Work instructions
The expected output is every line of the data exactly as shown, minus the images.

(Data segment begins)

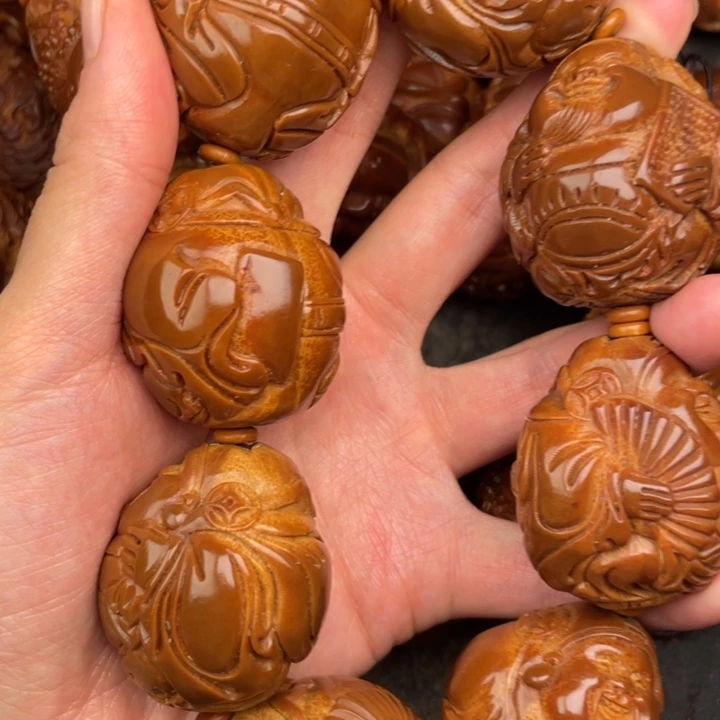 田***甲橄榄核吊坠橄榄核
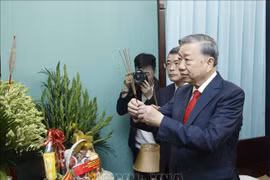 Tổng Bí thư Tô Lâm dâng hương tưởng niệm Bác Hồ tại Nhà 67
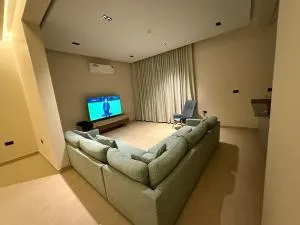 Luxury 3 bedroom apartment Tuwaiq - Al Jilh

(Data segment ends)

Solution
 田***甲橄榄核吊坠橄榄核
 Tổng Bí thư Tô Lâm dâng hương tưởng niệm Bác Hồ tại Nhà 67
 Luxury 3 bedroom apartment Tuwaiq - Al Jilh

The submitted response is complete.